Blogger:
Viren Kaul, MD
Twitter handle @virenkaul
About the blogger:
Viren Kaul is a Pulmonary & Critical Care Medicine Fellow at Mount Sinai School of Medicine / Elmhurst Hospital Center. His research interests include medical education, sepsis and palliative care in the critically ill. His focus in medical education is on simulation based performance improvement and inter-professional education.
Citation:
Silkens, Milou EWM, et al. "From good to excellent: Improving clinical departments’ learning climate in residency training." Medical teacher (2017): 1-7.
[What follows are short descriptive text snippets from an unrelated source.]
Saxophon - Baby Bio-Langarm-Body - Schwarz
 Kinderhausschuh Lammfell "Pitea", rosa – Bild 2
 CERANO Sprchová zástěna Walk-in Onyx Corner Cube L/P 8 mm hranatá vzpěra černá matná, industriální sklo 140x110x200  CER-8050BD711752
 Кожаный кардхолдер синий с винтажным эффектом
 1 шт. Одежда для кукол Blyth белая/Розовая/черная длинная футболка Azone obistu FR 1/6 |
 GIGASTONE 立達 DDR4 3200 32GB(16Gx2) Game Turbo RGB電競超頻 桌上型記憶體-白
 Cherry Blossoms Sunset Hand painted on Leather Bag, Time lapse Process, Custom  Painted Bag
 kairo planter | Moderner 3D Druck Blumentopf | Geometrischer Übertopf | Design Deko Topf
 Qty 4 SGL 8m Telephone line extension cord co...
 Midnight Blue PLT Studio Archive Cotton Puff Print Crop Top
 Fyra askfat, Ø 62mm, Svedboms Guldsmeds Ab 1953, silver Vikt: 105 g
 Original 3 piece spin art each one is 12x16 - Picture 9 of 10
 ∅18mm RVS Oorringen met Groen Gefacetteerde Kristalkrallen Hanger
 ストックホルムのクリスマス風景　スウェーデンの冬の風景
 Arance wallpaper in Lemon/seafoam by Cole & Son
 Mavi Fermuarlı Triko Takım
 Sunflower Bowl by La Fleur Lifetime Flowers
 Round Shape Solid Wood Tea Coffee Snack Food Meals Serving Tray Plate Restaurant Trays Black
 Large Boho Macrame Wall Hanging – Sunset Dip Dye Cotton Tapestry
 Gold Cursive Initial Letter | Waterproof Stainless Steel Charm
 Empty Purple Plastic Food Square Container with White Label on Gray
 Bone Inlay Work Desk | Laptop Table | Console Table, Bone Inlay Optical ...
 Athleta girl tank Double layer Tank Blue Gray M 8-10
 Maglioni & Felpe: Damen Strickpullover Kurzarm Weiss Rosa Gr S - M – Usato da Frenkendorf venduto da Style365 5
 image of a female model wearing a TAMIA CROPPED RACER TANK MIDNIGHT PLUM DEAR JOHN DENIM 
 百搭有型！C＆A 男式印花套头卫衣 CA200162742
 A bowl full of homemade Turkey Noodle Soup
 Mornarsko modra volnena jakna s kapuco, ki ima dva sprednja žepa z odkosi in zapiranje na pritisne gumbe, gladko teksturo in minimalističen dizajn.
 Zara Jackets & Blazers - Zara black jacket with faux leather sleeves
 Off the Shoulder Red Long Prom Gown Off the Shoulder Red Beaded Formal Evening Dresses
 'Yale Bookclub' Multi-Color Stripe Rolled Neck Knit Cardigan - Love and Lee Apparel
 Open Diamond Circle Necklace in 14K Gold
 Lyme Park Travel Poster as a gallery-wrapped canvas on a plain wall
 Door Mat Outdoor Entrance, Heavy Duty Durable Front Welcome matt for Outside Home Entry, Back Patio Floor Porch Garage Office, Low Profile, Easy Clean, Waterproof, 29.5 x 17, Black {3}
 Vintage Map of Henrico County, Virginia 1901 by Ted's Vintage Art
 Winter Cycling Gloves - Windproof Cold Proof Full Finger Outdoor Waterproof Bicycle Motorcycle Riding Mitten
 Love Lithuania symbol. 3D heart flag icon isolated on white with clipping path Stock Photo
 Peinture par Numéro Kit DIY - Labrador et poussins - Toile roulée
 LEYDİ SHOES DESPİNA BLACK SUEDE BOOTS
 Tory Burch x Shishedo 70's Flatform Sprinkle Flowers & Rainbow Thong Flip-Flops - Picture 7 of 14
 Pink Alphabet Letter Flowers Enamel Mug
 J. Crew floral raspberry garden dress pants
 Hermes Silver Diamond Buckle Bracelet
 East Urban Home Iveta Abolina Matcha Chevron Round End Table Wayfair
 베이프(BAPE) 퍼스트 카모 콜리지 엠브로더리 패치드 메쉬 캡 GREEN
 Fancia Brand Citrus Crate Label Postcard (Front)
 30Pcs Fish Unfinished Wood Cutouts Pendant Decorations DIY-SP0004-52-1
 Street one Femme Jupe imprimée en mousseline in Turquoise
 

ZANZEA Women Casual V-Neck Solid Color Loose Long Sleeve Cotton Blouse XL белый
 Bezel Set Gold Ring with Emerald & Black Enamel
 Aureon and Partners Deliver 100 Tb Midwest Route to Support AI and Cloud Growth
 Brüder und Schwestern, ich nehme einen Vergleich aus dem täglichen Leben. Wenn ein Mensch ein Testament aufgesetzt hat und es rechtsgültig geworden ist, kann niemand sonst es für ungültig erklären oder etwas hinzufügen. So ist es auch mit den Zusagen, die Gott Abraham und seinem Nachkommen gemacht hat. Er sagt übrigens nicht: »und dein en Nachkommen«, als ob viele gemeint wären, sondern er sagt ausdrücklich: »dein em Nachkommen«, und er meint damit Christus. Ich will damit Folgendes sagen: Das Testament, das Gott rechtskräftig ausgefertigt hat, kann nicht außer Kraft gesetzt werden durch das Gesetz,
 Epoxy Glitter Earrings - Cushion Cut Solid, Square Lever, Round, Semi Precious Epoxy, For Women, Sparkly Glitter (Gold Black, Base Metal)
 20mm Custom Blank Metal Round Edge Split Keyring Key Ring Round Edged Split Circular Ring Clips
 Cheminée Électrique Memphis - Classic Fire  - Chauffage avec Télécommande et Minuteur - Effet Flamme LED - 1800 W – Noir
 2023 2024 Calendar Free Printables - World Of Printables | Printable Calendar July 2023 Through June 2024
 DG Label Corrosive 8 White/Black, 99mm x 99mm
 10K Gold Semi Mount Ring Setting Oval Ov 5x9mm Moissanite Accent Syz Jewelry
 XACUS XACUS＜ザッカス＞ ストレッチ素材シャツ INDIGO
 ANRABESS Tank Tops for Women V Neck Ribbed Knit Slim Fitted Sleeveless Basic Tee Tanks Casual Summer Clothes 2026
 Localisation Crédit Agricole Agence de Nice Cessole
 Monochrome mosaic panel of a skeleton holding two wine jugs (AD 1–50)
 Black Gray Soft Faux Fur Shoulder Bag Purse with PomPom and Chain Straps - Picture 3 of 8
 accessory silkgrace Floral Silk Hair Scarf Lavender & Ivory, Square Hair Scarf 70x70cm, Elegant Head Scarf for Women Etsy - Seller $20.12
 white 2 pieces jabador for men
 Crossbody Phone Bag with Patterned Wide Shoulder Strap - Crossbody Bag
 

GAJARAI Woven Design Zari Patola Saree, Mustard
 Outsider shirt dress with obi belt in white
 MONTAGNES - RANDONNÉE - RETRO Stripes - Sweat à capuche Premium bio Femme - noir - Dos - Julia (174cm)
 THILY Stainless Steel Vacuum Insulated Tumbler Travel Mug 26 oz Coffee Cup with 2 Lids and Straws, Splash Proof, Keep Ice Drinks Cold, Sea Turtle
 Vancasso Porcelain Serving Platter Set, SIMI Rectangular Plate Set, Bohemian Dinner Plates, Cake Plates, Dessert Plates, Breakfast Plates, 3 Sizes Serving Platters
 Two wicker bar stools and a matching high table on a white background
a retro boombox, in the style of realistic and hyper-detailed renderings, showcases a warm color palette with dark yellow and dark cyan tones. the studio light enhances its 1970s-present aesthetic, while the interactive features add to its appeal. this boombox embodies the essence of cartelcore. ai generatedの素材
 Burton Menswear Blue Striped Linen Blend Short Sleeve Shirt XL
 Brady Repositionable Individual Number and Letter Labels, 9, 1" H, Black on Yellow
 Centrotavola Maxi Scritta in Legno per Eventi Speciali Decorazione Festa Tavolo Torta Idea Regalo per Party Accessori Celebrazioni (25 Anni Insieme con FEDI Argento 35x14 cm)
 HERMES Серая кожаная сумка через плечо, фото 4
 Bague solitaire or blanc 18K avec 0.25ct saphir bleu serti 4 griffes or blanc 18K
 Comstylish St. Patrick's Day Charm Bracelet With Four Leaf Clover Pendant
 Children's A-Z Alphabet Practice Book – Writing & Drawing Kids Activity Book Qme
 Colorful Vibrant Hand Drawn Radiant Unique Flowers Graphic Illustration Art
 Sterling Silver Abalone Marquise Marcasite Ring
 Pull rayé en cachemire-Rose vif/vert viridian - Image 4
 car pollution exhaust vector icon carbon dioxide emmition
Link: https://bit.ly/2HdXsgo
Article: From good to excellent: Improving clinical departments’ learning climate in residency training.
Summary:
The authors used the Dutch Residency Education Climate Test (D-RECT), one of the most researched evaluation tools to assess strength and weaknesses of 211 training programs’ learning climate to identify learning climate groups across various residency training departments. They acquired data on individual teaching qualities of the faculty using the Systems for Evaluating Teaching Performance (SETQ). Using latent profile analysis of responses from 1730 residents they classified the programs into four groups according to their learning climate: substandard (19% of programs), adequate (43%), good (33%) and excellent performers (5%). The teaching status of the program (academic vs clinical), departmental SETQ score and percentage of time spent on educational activities by faculty were significant predictors of the total mean score on D-RECT.
Why this article:
The learning climate of a training program is a complicated construct. The authors were able to distinctly place training programs into 4 groups, thereby allowing analysis of what was being done well at high performing centers from a resident’s perspective. Departments scoring high on one domain on the D-RECT were likely to score highly in all domains, however, latent profile analysis including the whole range of D-RECT scores in determining the underlying structure of the data. Some domains of the score were found to be of higher value in determining learning culture, such as resident peer collaboration and accessibility of supervisors. The authors accordingly offer advice. They recommend a continuous improvement model of learning climates as opposed to quality assurance, including learning climate performance indicators during program accreditation reviews and striking a balance between optimal learning versus climates that allow for safe patient care.